A parte quella della memoria, sono celebrazioni pleonastiche, superflue quando non addirittura grottesche. Ma la più stolida è proprio la Giornata internazionale della felicità. È vero che l’ONU fa riferimento al “diritto alla ricerca della felicità” inserito nella dichiarazione d’indipendenza americana del 1776, però l’edonismo straccione contemporaneo l’ha introiettato come un vero e proprio diritto alla felicità. Sono i diritti impossibili creati dalle suggestioni dell’Illuminismo, come il diritto alla salute (esiste semmai un diritto alla sanità, cioè ad essere curati sempre che lo si voglia, proprio nei giorni scorsi la Spagna, paese cattolico, ha legalizzato l’eutanasia). Esiste la salute, quando c’è, non il suo diritto. Esiste, in rari momenti della vita di un uomo, un rapido lampo, un attimo fuggente e sempre rimpianto, che chiamiamo felicità, non il suo diritto. Pensare che l’uomo abbia un diritto alla felicità significa renderlo ipso facto e per ciò stesso infelice. La sapienza antica era invece consapevole che la vita è innanzitutto fatica e dolore, per cui tutto ciò che viene in più è un frutto insperato e ce lo si può godere.
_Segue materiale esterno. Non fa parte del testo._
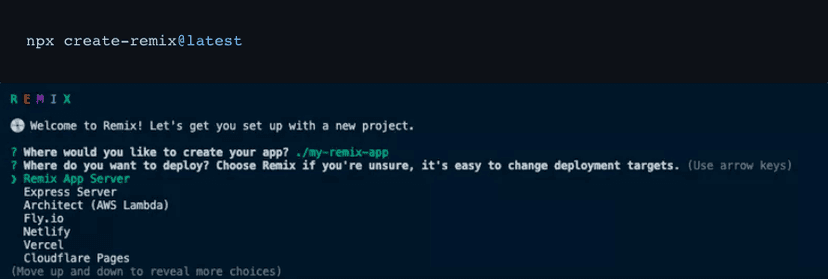 create-remix command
“La vita oscilla fra noia e dolore” può affermarlo solo Schopenhauer, rentier già corrotto dal benessere. L’uomo occidentale, che ha creato un modello di sviluppo imperniato sull’inseguimento spasmodico del bene, anzi del meglio, invece che sulla ricerca dell’armonia e dell’equilibrio in ciò che già c’è, si è costruito, con le sue stesse mani, il meccanismo perfetto e infallibile dell’infelicità.

Non è il sonno, ma il Sogno della Ragione che ha partorito mostri.